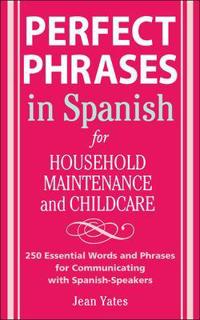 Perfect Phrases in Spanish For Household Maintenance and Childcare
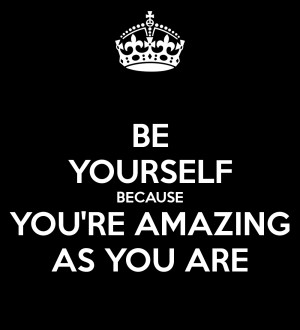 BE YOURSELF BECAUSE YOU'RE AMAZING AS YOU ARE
==
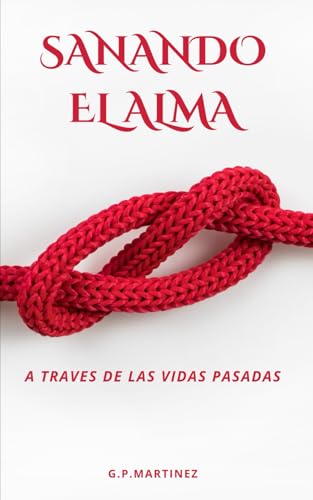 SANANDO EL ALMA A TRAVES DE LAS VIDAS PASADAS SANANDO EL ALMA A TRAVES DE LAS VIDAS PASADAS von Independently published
--
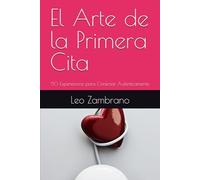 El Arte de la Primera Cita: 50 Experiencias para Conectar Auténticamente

→ **Problem**
Using the data above, retype exactly the lines from the line with "Perfect Phrases in" to the line with "BE YOURSELF BECAUSE", inclusive. No pictures and nothing else.

→ **Answer below**
 Perfect Phrases in Spanish For Household Maintenance and Childcare
 BE YOURSELF BECAUSE YOU'RE AMAZING AS YOU ARE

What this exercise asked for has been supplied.